Critic's Notebook: Melania Trump's Campaign Speech Goes From Vapid to Unintentionally Hilarious

Melania Trump Speech 3 - Screenshot - H - 2016

In her first campaign speech since the convention, the aspiring first lady urged voters to "treat each other with respect and kindness," as the nation burst into hysterical laughter.

A mere five days before the election, Melania Trump emerged from hiding to deliver her first campaign speech since the Republican National Convention. Considering how well that one went, it's not surprising she waited this long.

This speech, at least, seemed to be wholly original, although you wouldn't have been surprised if she had begun by saying, "Four score and seven years ago." On the other hand, it was so vapidly platitudinous and basic that if her speechwriters were cribbing from anyone, it was Dr. Seuss.

The aspiring first lady spoke in Berwyn, Pa., a Philadelphia suburb, and to say that she seemed out of place is an understatement. This is not exactly a woman who shops at Wal-Mart and enjoys breakfast at IHOP. But the town is in Pennsylvania, a state her husband desperately needs to win. The only other states whose names she managed to drop were Ohio and North Carolina. Any guesses why?

Melania took the stage to the strains of "Aquarius," an appropriate choice since the event felt more like a love-in than a political speech. Indeed, she spoke so often of "love" that it made you think she had taken a hit of Ecstasy before going on.

She began by saying it had been 500 days since her husband announced his candidacy (hasn't the time just flown by?) after descending on the magical escalator in Trump Tower.

"This is not an ordinary campaign. It is a movement!" she declared, and there are plenty of voters who would be happy to inform her exactly what kind of movement it most closely resembles. "He will make a fantastic president!" 

She blissfully referred to her "partnership" with her husband, although disappointingly failed to provide the details of their prenup. Talking about her childhood in Slovenia surrounded by "beautiful rivers and forests" — you could imagine woodland animals serenading her with Disney tunes — she said that as a young girl she dreamed of going to America.

"America meant that if you could dream it, you could become it," she told the cheering crowd, which is certainly true if your dream is marrying a billionaire and living in a golden palace.

Discussing the blood, sweat and tears of being a highly paid fashion model in Paris, Melania described herself as a "young entrepreneur." She proudly referred to becoming an American citizen in 2006, a year after she married Trump. So at least now we know the best path to citizenship.
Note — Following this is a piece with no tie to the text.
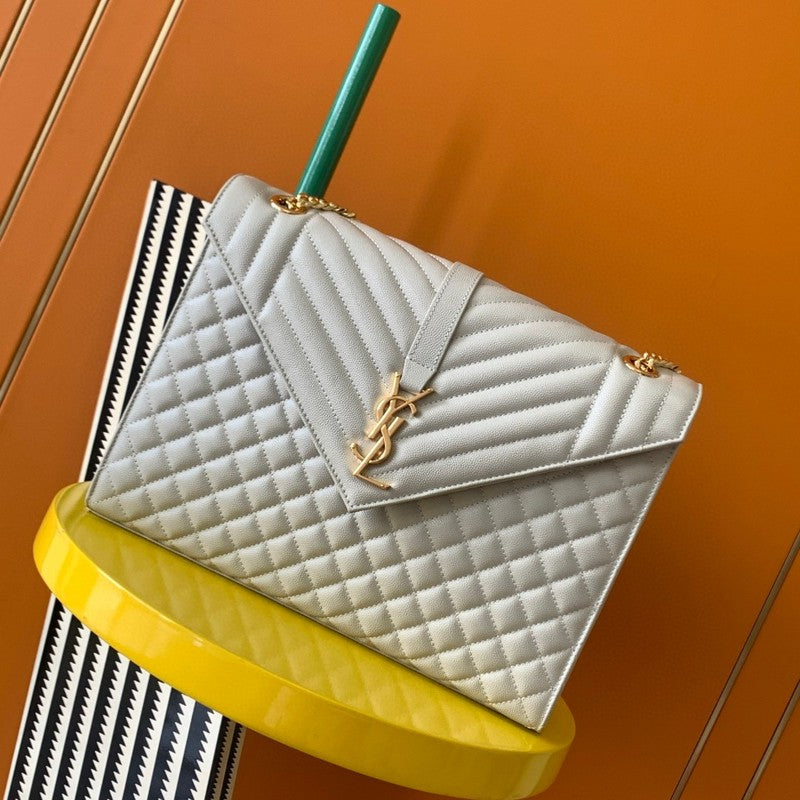 Glamy - YLS Bags - 1022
She said about her husband, "He certainly knows how to shake things up," which is appropriate if the definition of "shaking things up" includes destroying the fabric of American society.

She finally got around to disclosing her plans should she become first lady, which have something to do with being "an advocate for women and children." She promised to provide them with a "beautiful life" so they can "drink freely of love," which, considering her Eastern European accent, had a distinctly vampirish vibe.

The proceedings became truly surreal when she informed the crowd that social media "can have a bad side" (really, Melania, you think?) and that "our culture has gotten too mean and too rough." It made you wonder if she actually knows who she's married to. She added that she would "work hard to improve everyday life for women." (Just a suggestion, Melania, but the best way to start would be by keeping them far away from your husband.)

Delivering the absurdly ironic sound bite that will have comedy writers working overtime the next few days — you can be sure that Laura Benanti will be reprising her impression for Stephen Colbert — Melania declared, "We must treat each other with respect and kindness, even when we disagree."

That is, she forgot to add, unless Donald gets elected.